I’m very interested in the role of TV-watching in our happiness. After all, after sleeping and work, it’s the biggest consumer of the world’s time.
So I was interested to see that new research suggests that for couples who don’t have lots of mutual friends, watching the same TV show (or reading the same book or going to the same movie) can help both people feel that they inhabit in the same social world.
It turns out that couples who have lots of mutual friends tend to have the strongest bonds, and for those who don’t have a lot of mutual friends, having “shared media experiences” helps them to feel connected.
This rang true for me. My husband Jamie and I have some mutual friends, but our social worlds don’t overlap extensively. Years ago, we both worked at the Federal Communications Commission, and I remember how much fun it was when we knew so many people in common.
We do have the habit of choosing shows to watch together, and it really is an activity that draws us closer.

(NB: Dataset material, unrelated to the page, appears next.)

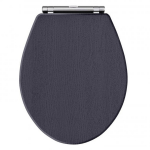 Hudson Reed Richmond Wooden Soft Close Quick Release Toilet Seat & Cover Twilight Blue with Chrome Hinge LOS399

For instance, we’ve watched Transparent, Game of Thrones, The Wire, Lost, The Shield.
I bet this finding is true for non-romantic relationships, too. With my daughters, I’ve watched The Office (American version), Friends (yes, questionable judgment on my part, it’s raunchier than I remembered), The Mindy Project, SuperStore. And I’ve heard of offices that have a specific “office show” that people watch and discuss. It gives everyone something to talk about — and a form of unhurtful gossip — apart from work.
I love to read, and I like reading in a room where someone else is reading, but it’s true that this activity has never seemed as…companionable…as watching the same TV show or movie. We’re not inhabiting the same inner world, we’re not reacting to the same material at the same time.
I always felt a bit guilty about watching these TV shows with my husband — shouldn’t we be doing something else? But now I recognize that it’s a valuable, relationship-strengthening activity.